5 Things Your Life & Health Insurance Policy Won't Tell You
Your life and health insurance policy is full of fine print. Here are five things most policyholders only discover when it's too late.
The devil is in the staging
Most life and health insurance policies pay out based on severity stages — early, intermediate, and major. What surprises many claimants is that a cancer diagnosis does not automatically mean a full payout. If your cancer is classified as early stage, you may only receive 25% of your sum assured.
Read your policy carefully. Look for the words "multi-pay" or "multi-stage". A multi-pay plan allows you to claim more than once — for separate conditions or different stages of the same condition. Standard plans typically allow only one claim.
Waiting periods apply even after purchase
Almost every life and health insurance policy has a waiting period, typically 90 days from the policy commencement date. This means if you are diagnosed with a covered condition within those first 90 days, your claim will be rejected.
Some conditions carry longer waiting periods. Certain cancers, for example, may have a 12-month waiting period in some plans. Always check the policy document — not just the brochure.
Pre-existing conditions follow you
If you have ever been diagnosed with high blood pressure, diabetes, or any chronic condition before purchasing your life and health insurance policy, there is a good chance your insurer has either excluded that condition entirely, or applied a loading (a higher premium) to cover it.
What many policyholders do not realise is that related conditions can also be excluded. A pre-existing heart condition might mean your policy excludes all cardiovascular-related claims.
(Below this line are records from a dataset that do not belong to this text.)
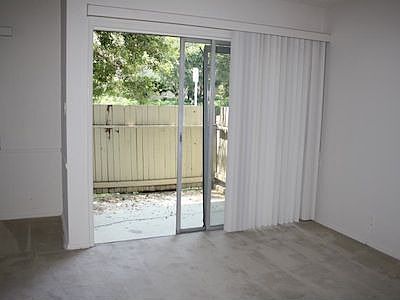 4th image of 11804 Kiowa Ave APT 2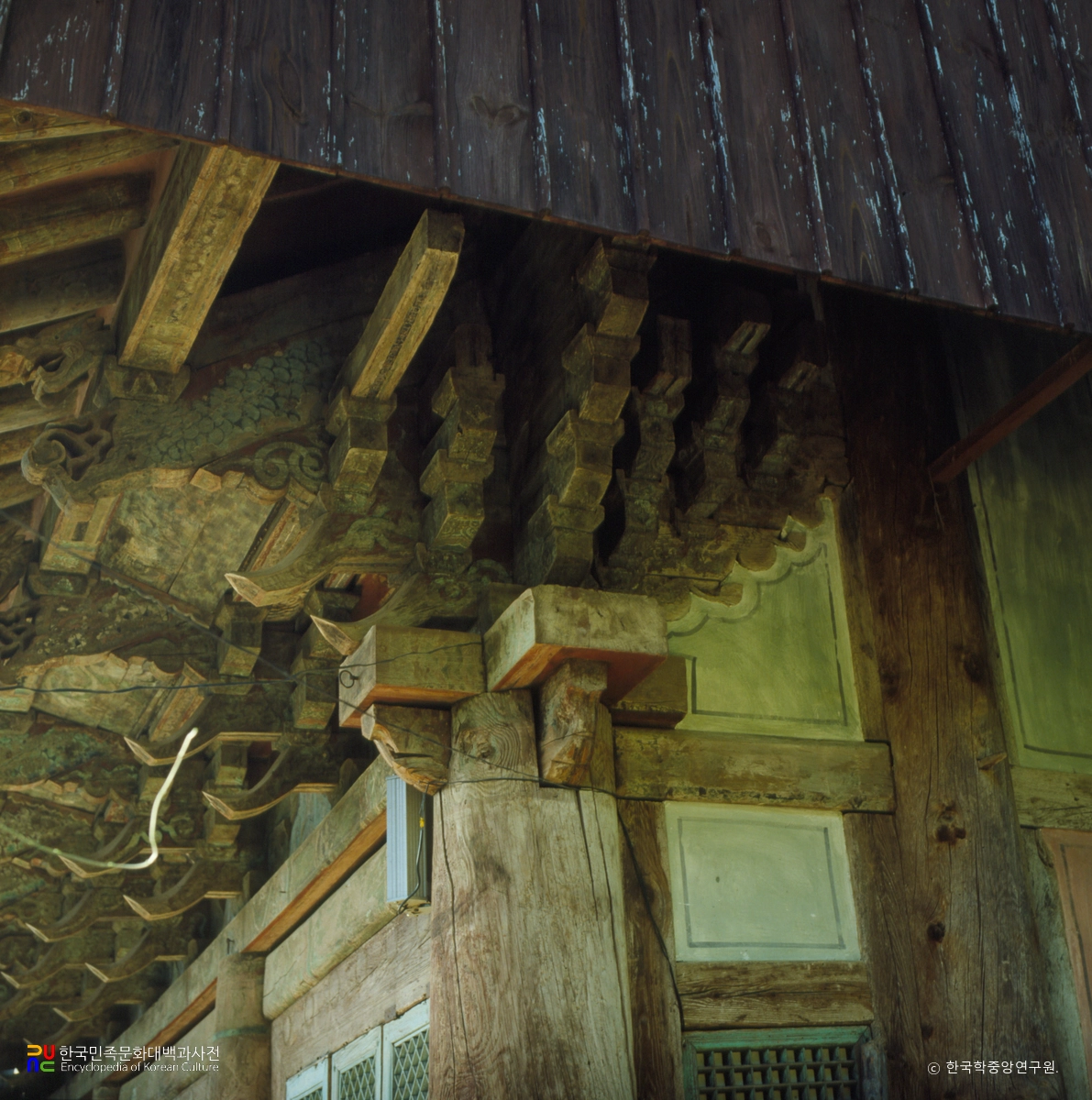 완주 화암사 극락전 공포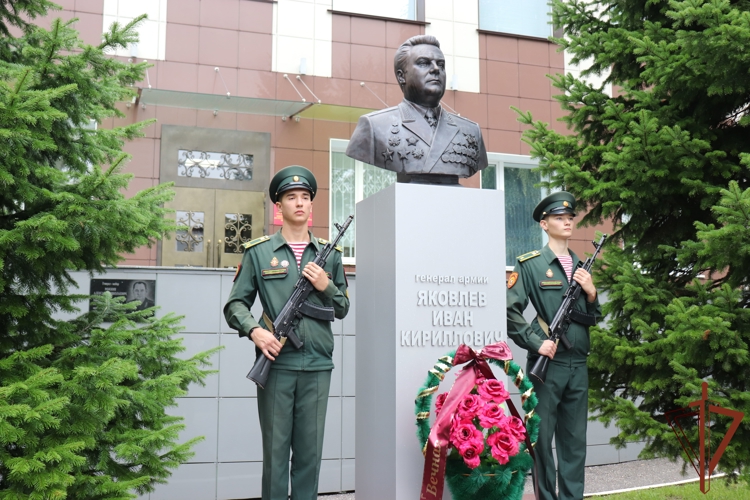 В Новосибирском военном институте Росгвардии прошли мероприятия, приуроченные ко Дню рождения генерала армии Ивана Кирилловича Яковлева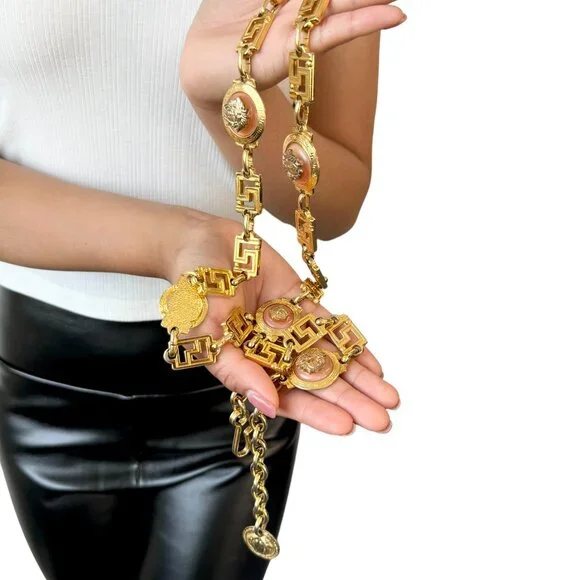 GIANNI VERSACE Vintage Medusa Logo Chain Belt Accessory Gold Metal [103631] - Picture 3 of 10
The definition of a condition matters enormously
"Heart attack" sounds straightforward. But in your policy document, the definition of a heart attack may require specific elevation of cardiac enzymes, ECG changes, and other clinical markers. A mild cardiac event that your cardiologist calls a heart attack may not meet the contractual definition in your policy.
This is particularly important for stroke and major cancers. Always ask your insurer: what exactly must be true for a claim to be paid?
Premiums are not guaranteed
For many life and health insurance plans — particularly term policies — premiums can be revised by the insurer at renewal. This means the premium you pay at age 35 is not necessarily the same premium you will pay at age 50.
Review-able premiums are common in Singapore. If your policy has this feature, model your long-term affordability carefully. The last thing you want is to lapse a policy after years of paying premiums because the cost has become unaffordable at an older age when you are hardest to insure.